Esta es sólo una de las muchas situaciones en
la que los ciudadanos –con la anuencia de las
autoridades- se ven agredidos por lo que se podría
llamar "ruidos gratuitos" que se suman a los
inevitables "ruidos forzosos" de la vida urbana.
Yo ya se –y no me quejo por ello- que mi primer
sueño termina con la llegada del camión de la
basura cuyas maniobras de elevación, vaciado y
ocultamiento de los contenedores soterrados
identifico con asombrosa precisión porque aunque
se trate de "tecnología punta" en recogida de
residuos, no se puede negar que es ruidosa de
cojones. Tras cuatro horas de relativo silencio
(rara es la noche que no disfruto del tubo de
escape de una birriosa "amotillo" o del recital
flamenco del que se recoge con un "colocón" de
categoría) las alegres y chillonas pláticas de los
que trasiegan con el pescado ponen fin a mi breve
período de descanso. Con ser la contaminación
acústica inherente a la ciudad, hay que reconocer
que hacemos poco por mantenerla dentro de niveles
aceptables para nuestros oídos. No sólo son los
excesos sonoros de los que les preocupa un
pimiento la convivencia, sino que la "gente
normal" ya de por sí tiene tendencia a expresarse
a gritos, a ser bullanguera, a estar en su salsa
en atronadores lugares –verbigracia, casetas de
feria– en los que yo, les confieso, me identifico
con E.T. (no tanto por su procedencia alienígena
como por el urgente deseo de volver a su casa).

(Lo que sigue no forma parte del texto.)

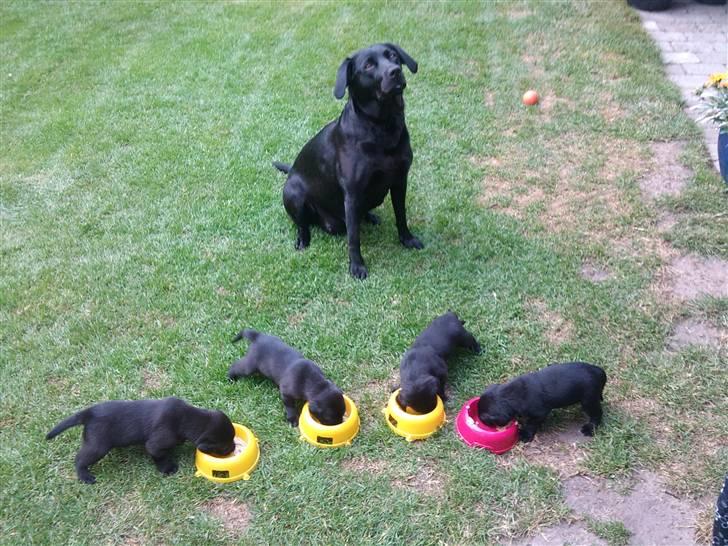 Labrador retriever (Formel 1) Berta - Bella, Berta, Stella, Luna og Frida billede 3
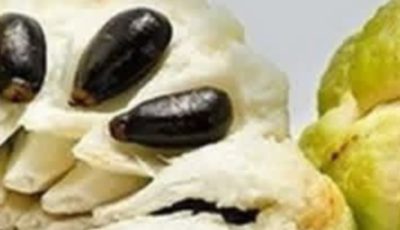 Sugar Apple (Annona squamosa): A Sweet Fruit with Powerful Health Benefits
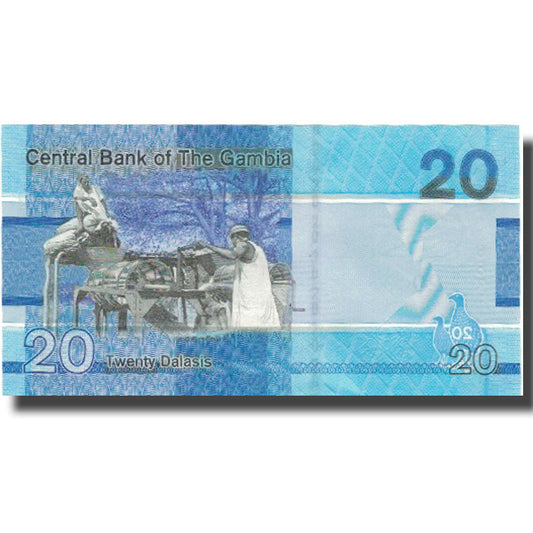 bankovec, 
  
  Gambija, 
  
  20 Dalasis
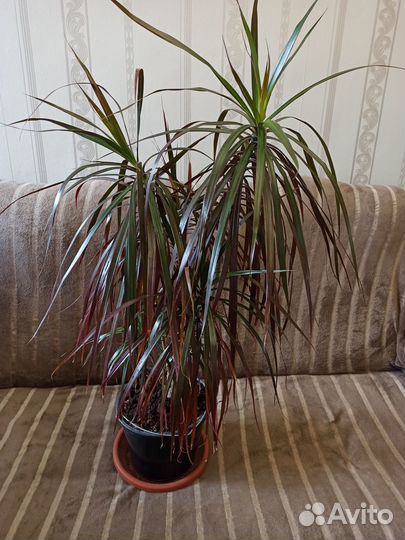 Комнатные растения цветы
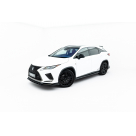 Пороги Lexus RX 2019-2022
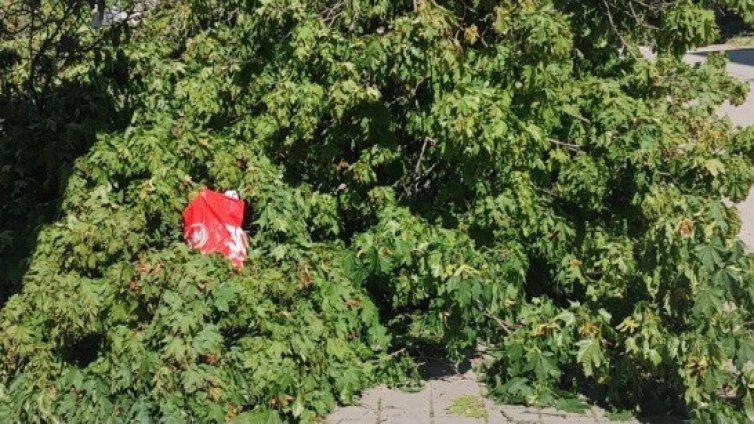 Дърво падна на улица "Георги С. Раковски" във Варна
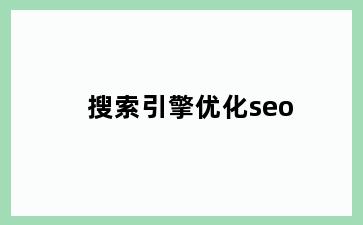 搜索引擎优化seo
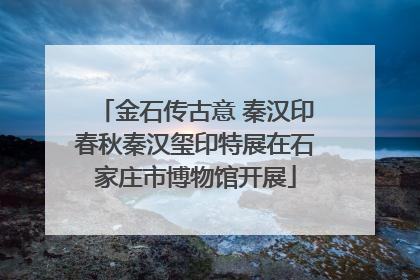 金石传古意 秦汉印春秋秦汉玺印特展在石家庄市博物馆开展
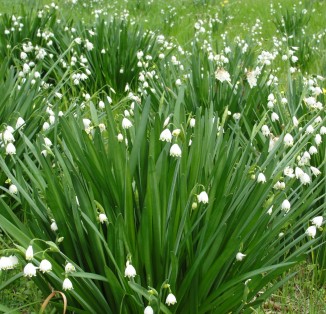Leucojum aestivum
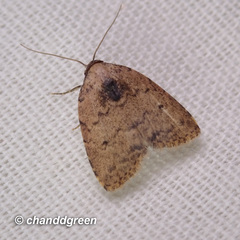 Anachrostis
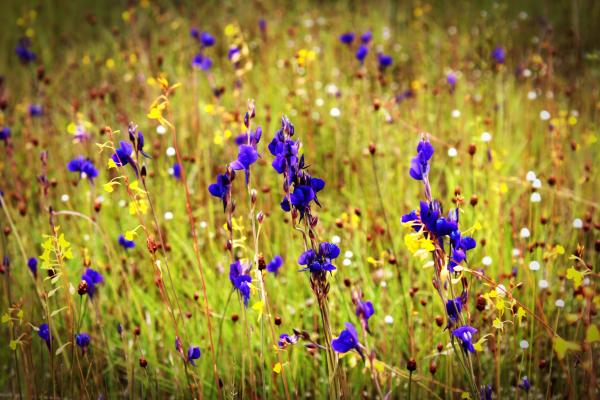 Purple Flower Closeup Photography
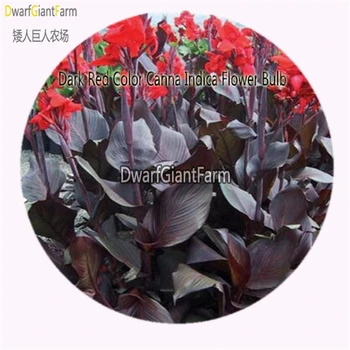 

3Pcs canna indica
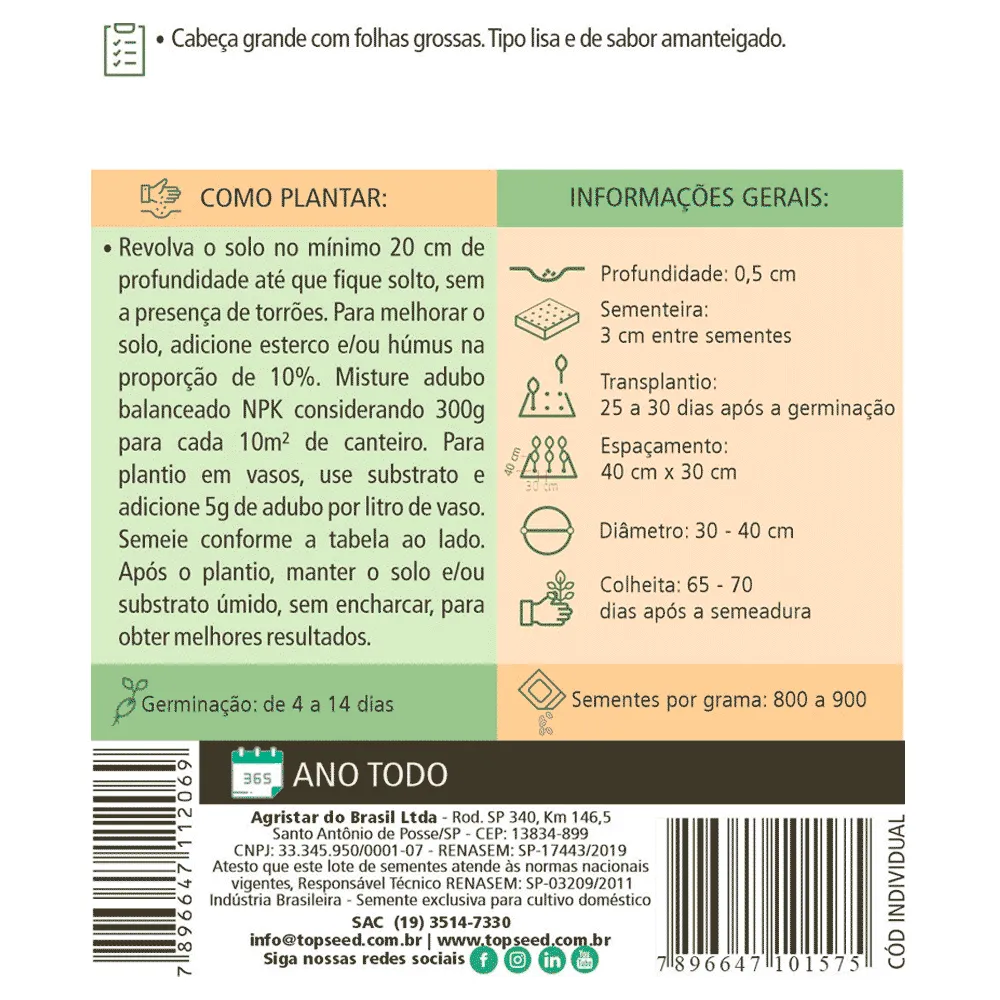 Sementes de Alface Aurélia Tradicional Topseed Garden — foto 2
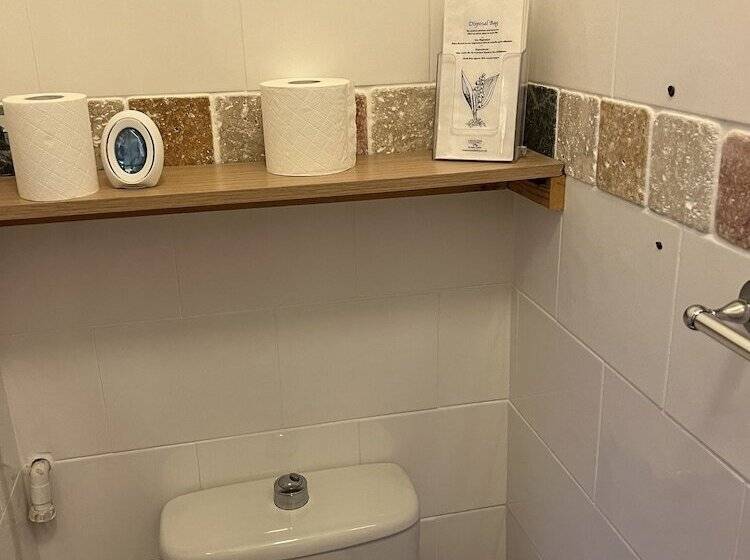 스탠다드 싱글 룸, The Singlecote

Tengo la teoría –sin otra consistencia que la de
la observación– de que cuanto más elevado es el
tono de la conversación, menor es la calidad de
los argumentos; vemos en documentales que en los
exóticos pueblos primitivos la gente se comunica a
grito pelado y con ampulosa gesticulación –un
aspecto también muy frecuente en nuestro entorno–
y, en general, la razón suele caer del lado del
que vocifera más alto que, vistas como están las
cosas, parece ser el futuro hacia el que nos
encaminamos, una sociedad gritona cuyo lema bien
podría ser: "al poder por el decibelio". Tal es la
situación, que un conocido me dijo que había
mandado sus hijos a pasar el verano a Irlanda. –La
mejor manera para aprender inglés- le dije yo. No
–me contestó– no los mando para que aprendan
inglés, los mando para que aprendan a hablar
bajito.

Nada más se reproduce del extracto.